Front. Integr. Neurosci., 11 August 2011 |

The SMAs: neural substrate of the temporal accumulator?

  • Laboratoire de Neurobiologie de la Cognition, Aix-Marseille Université, CNRS, Marseille, France

One of the most widely cited models in time estimation is the “pacemaker-counter clock” which consists of a pacemaker generating pulses and an accumulator in which pulses are stored. The level reached in this accumulator at the end of an interval to be estimated sets the subjective elapsed time. Although this model is able to accurately describe temporal performance, it can nevertheless be considered no more than a good metaphor of actual temporal processing mechanisms. Finding specific brain areas behaving as a pacemaker and/or as an accumulator would provide additional support for this model. Evidence has now been amassed suggesting that the SMAs could be a neural substrate of the accumulator.

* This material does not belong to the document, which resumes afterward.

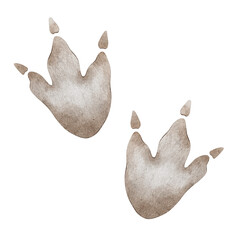Two dinosaur footprints. Isolated hand drawn watercolor illustration. A clipart pair of Animal traces for children's invitation cards, parties, baby shower, decoration of kid's rooms © Fedulova_art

EEG Evidence for a Cumulative Process in the SMA

In two different timing tasks (a production and a discrimination one) Macar et al. (1999) showed that the mesial frontal cortex, including the SMAs, behaves in an accumulator-like way. The authors recorded the contingent negative variation (CNV: Walter et al., 1964) an electrical activity of the brain which develops between two events of interest separated by a predictable time interval. In line with the results of Casini and Macar (1997), the authors hypothesized that spontaneous fluctuations of brain activation should influence the speed of the pacemaker, determining the number of accumulated pulses and, hence, subjective temporal estimation. Using the CNV as an index of the accumulation process, Macar et al. (1999) observed that the larger the estimated duration, the larger the CNV over the SMAs (Figure 1). These observations, suggesting that the SMAs act as an accumulator, have since been reproduced with identical intervals (Macar and Vidal, 2002) and with shorter intervals involving the auditory modality (Bendixen et al., 2005). Moreover, Noguchi and Kakigi (2006) recorded the magnetic counterpart of the CNV in a timing task and observed the same magnetic build-up of activity around the SMAs during the interval to be estimated. In addition, Noguchi and Kakigi found a positive correlation between the amplitude of the visual evoked magnetic field (VEF) and the size of the CNV-like field. If one hypothesizes that the amplitude of the VEF can be interpreted as an index of activation, a larger VEF is representative of a larger activation which, in agreement with the concept proposed by Macar et al. (1999) should be associated with more accumulated pulses and, hence, a larger magnetic CNV.


Figure 1. Electrophysiological activity over the SMAs in 10 subjects during a time production task as a function of performance (TL, “too long”; Co, “correct”; TS, “too short”) time-locked to the end (button press) of the interval. Amplitude (negative up) on ordinates, time on abscissas. Adapted from Macar et al., 1999.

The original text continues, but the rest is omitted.